I bought a starter set and hated the track that came with it and so i bought a bunch of atlas code 100 track to make my layout that was in my head. 

I did not finish it i got about 75% done and decided i wanted more and it was so costly to do the finish stuff so i tore it up and started over.. I wish i had more pictures of it in the different stages but I wish i knew that then..









this is my planning i layed out and was testing it to make sure it would work. I picked up some odds n ends stuff from different craigs list sellers. 
















This is a plastic mountain like they sell in most hobby shops but it looked fake so i had gotten some magazines on Model railroads and learned about plaster cloth and i have loved it ever since. 
























here is a view from afar after i finished the mountain and had my track layout so i was filling in the blanks area's now..
















the barn you should be able to recognized its a ready made building. I love the look of it and do not regret buying it but i decided that buying is fun but building might be more fun so I've gone to a mix of buying ready made building and making my own has my skill level improves. 
Here is the road tru the middle of my layout has i started it. 
























well enough of my first layout i got to 70% or so finished and moved so i decided to go bigger. I was asked why I'm building my layout and after a lot of thought I decided that the reason I'm building a Ho layout is for realism and the engineering of it. I love the making of the layout getting whats in my head to the table and making it real looking. So after much debate i salvaged most of my work and started a new..
I'll post the new layout soon..  thanks for looking and reading i know i love looking at all your guys work and hearing your stories there all awesome!!!


----------



## tooter (Feb 26, 2010)

Hi Gr, 

I *really* like your mountain and tunnel!! :thumbsup:










Your mixture of boulders and greenery look great.

Greg


----------



## Grbauc (Dec 13, 2012)

thank you it was my starting point and i built out from there.. I was blown away at the great stuff online and in the different magazines and products you can buy.. I get a lot of inspiration from looking at others work and making my own version of it..


----------



## Grbauc (Dec 13, 2012)

*here's some pictures of my current layout /shop*

 here is some more of what im currently working on and my awesome shop. I'm blessed and get great inspiration from looking at all your work. So a big thanks for all the layouts and work you guys have posted.. 

My layout from a far.. 
I starting on this corner closest to us the building and track besides the mainline that goes around the edges is all just sitting there has i get inspiration. I will be putting up clear plastic guards around the track so i dont have falls of death from my loved Locomotives..









I will put up that really cool barbwire fence and something inside the grass area maybe a big tree later ill head along the track doing the valleys they will be dry washouts with lots of boulders and a mix of hard rock sand. 
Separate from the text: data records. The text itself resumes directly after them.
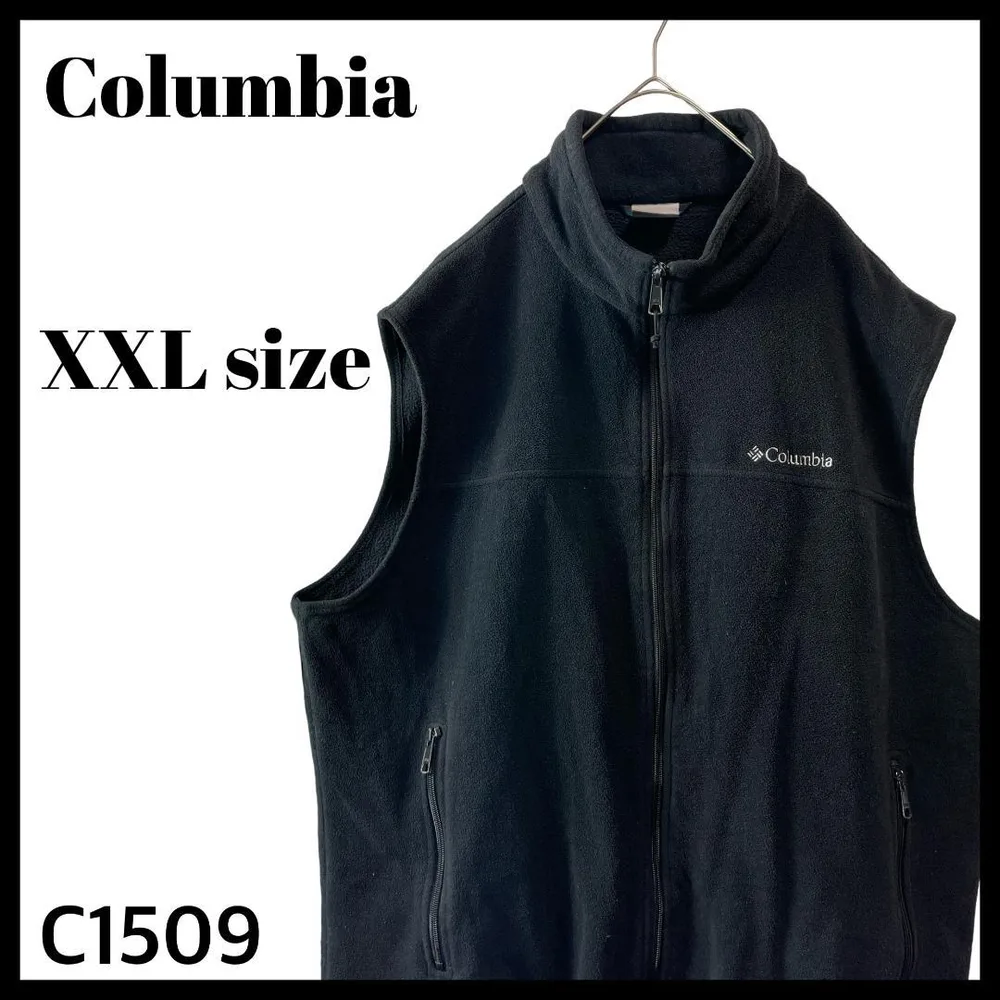 Columbia コロンビア フリースベスト ブラック 黒 ビッグサイズ 2XL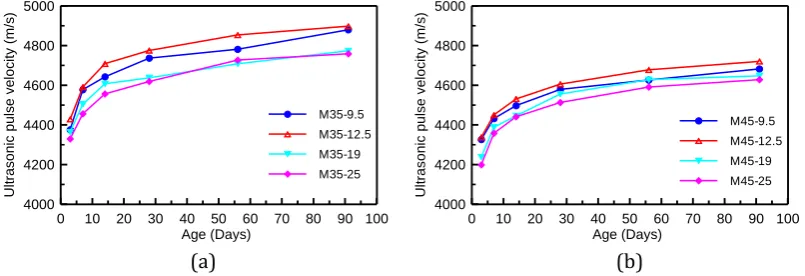Fig. 2. Relative compressive strength of (a) M35 mixtures and (b) M45 mixtures under sulfate solution and  water curing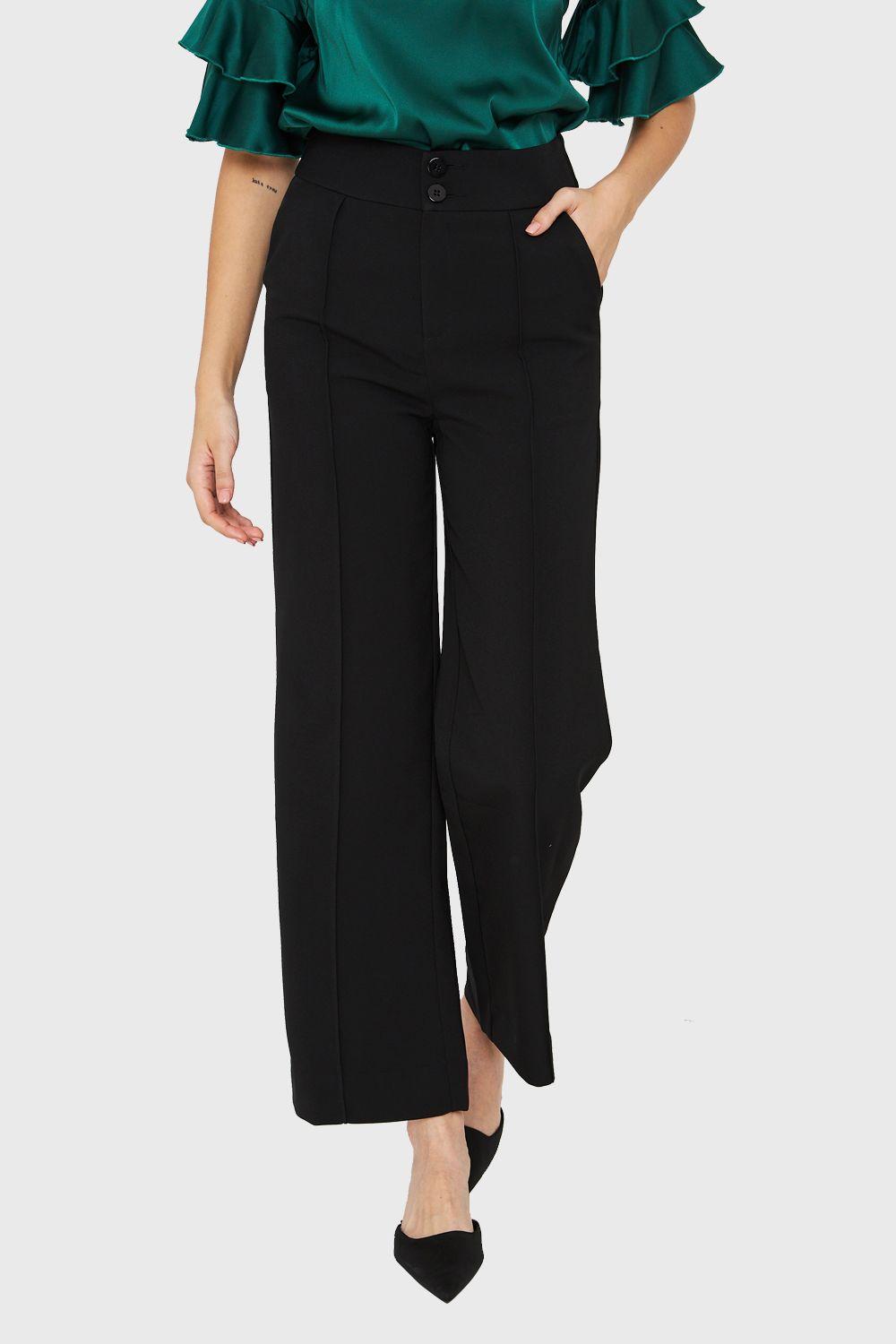 Pantalón Recto Costuras Frontales Negro Nicopoly-0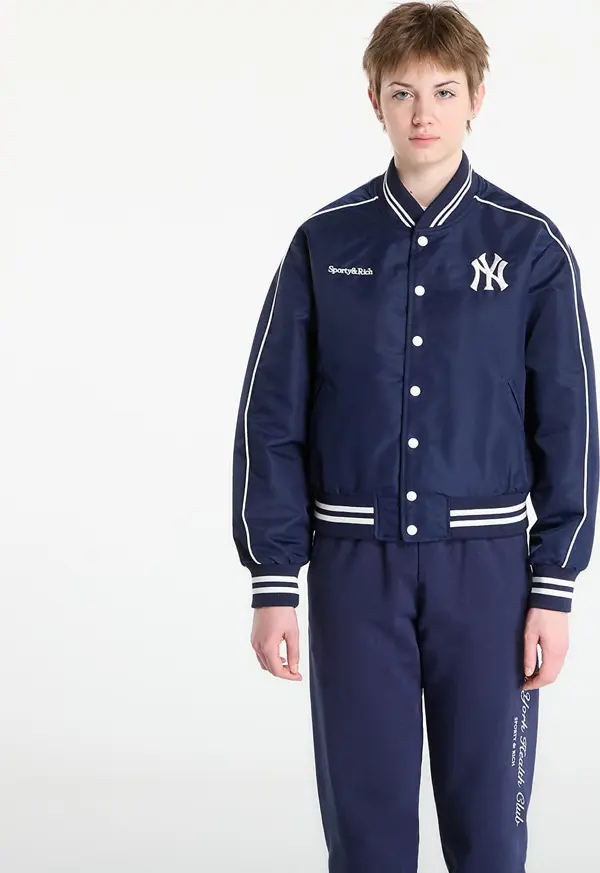 Sporty & Rich Jakna Sporty & Rich Yankees Curve Nylon Varsity Jacket Dark Navy/ White M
I've hit walls before in my layout and having a starting point always helped that i can go back n forth to.. So my plan is to be in many different stages of work so that i don't get stuck in a phase that i don't like or can't see the finish at. 








Here is a veiw of the Container yard and Locomotive fueling station.. (it has to built yet) 








This is the other side and will be a town/industrial zone with a siding or two going through it..









This is my Locomotive and car storage area. I'll put foam in the drawers to help protect them. 

I use to destroy the box of my first rolling stock cars and engines till i got smart and now keep them and use them for storage.. silly me. 
To me collecting is has fun has building. I love weathering and detailing them to make them look more awesome.








here my home made tool caddie, I really need to make a better one thats lighter and easier to use..








This will be my most exciting area the yard for container action diesel fueling rack and a repair shop along with a storage area.. 
















this is what i make my grass area with. Its static electric that makes the grass stand up. You can make these out of a electric flyzapper. The name brand ones are costly but i got this from a guy out of Oregon at under 100$
I use to buy the noch grass tuffs and they look awesome but costly. ( noch flowers, bushes grass ect is some of the best looking stuff)
I can make them now and they look has good or better ill make a post on how to do them with pictures of both later when i get time.








My shop area. I've converted 70% of my fleet to DCC
















my paint booth. Learning to air brush has been fun and painful. But thats what the cheap rolling stock is good for practice. 








Here is one of my weathering projects..










>











I bought some well cars from gunner in the trade forum and i started getting pictures of different BNSF cars to copy thanks Sawgunner








this is my most recent locomotive to add to my collection. 
Thanks for looking all advice is welcome you guys are all awesome, I love that there is so many different types of layouts big small detailed highly complex to simple i love them all. 
post more has soon has i get more..


----------



## tjcruiser (Jan 10, 2010)

From spartan beginnings, you've sure risen to exhibit some great modeling skills. Nice work, all around.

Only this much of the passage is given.